Laboratory with panorama view
The test tower of Thyssenkrupp Elevator in Rottweil provides two different things: a huge test laboratory for lifts and a breath-taking panorama view.
Laboratories appear rather sterile to outsiders. They are only fascinating to those who know their way around them. This is not the case with the test tower for lifts of Thyssenkrupp Elevator in Rottweil in the German state Baden-Württemberg. A viewing platform with glass facades approximately 4 m high provides a fantastic 360° view at 232 m – in ideal weather all the way to the Alps. The platform has now been opened in the presence of journalists in what is still the tower shell structure. It will also be accessible to the public in just under a year.
Simulation of the oscillation
Research is to be conducted inside the tower from December. One of the large drives has already been prepared for installation in the Thyssenkrupp plant in Neuhausen near Stuttgart: the machine will in future move the fastest lift in the test tower at up to 18 m per second through the shaft. A similar drive is already in operation today in the One World Trade Center in New York and in the Shanghai World Financial Center. At the end of January a huge pendulum, kept in motion by electromagnetic linear motors, was installed by GERB Schwingungsisolierungen GmbH in the tower pipe – at a height of 193 m.
This technology has already been installed in high-rise buildings in New York, Shanghai or Dubai, but it is unique in its combination of active and passive movement, "Thanks to the active pendulum, the development engineers of Thyssenkrupp Elevator can test lift systems under realistic conditions,” reported the chairman of the board of directors of Thyssenkrupp Elevator, Andreas Schierenbeck.
"We can also simulate the oscillations of various buildings that actually exist.” The future technologies being tested in Rottweil in particular include the latest lift generation, the MULTI. Three of the twelve tower shafts in the new test installation are intended just for the new MULTI system.
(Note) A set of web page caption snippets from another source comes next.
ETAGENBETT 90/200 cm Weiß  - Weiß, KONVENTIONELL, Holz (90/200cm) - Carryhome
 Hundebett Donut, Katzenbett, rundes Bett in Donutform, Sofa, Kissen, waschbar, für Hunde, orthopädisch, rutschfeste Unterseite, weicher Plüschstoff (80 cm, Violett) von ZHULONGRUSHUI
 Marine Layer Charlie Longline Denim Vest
The tower will be endowed with its final appearance in the summer: this will be an envelope made of a polymer-coated fibre glass fabric approximately 17,000 m2. This is on the one hand a highly complex material that is durable and self-cleaning. On the other hand it will protect the tower against intense sunshine and reduce the building’s own movement by reducing the force of the wind.
The material was used at the football world championships in 2010 in South Africa: in the "Cape Town Stadium” the building was sheathed in an almost transparent membrane of fibre glass. Due to the phased transition of the envelope, the tower is almost opaque in the lower area and becomes more transparent towards the top, since the fabric becomes more wide-meshed.
The membrane also permits the extraordinary lighting concept of the test tower. Once it has been completed, the countless LEDs behind the membrane will allow the tower to shine. "As a result, the tower will become a lighthouse project for Thyssenkrupp,” according to Schierenbeck.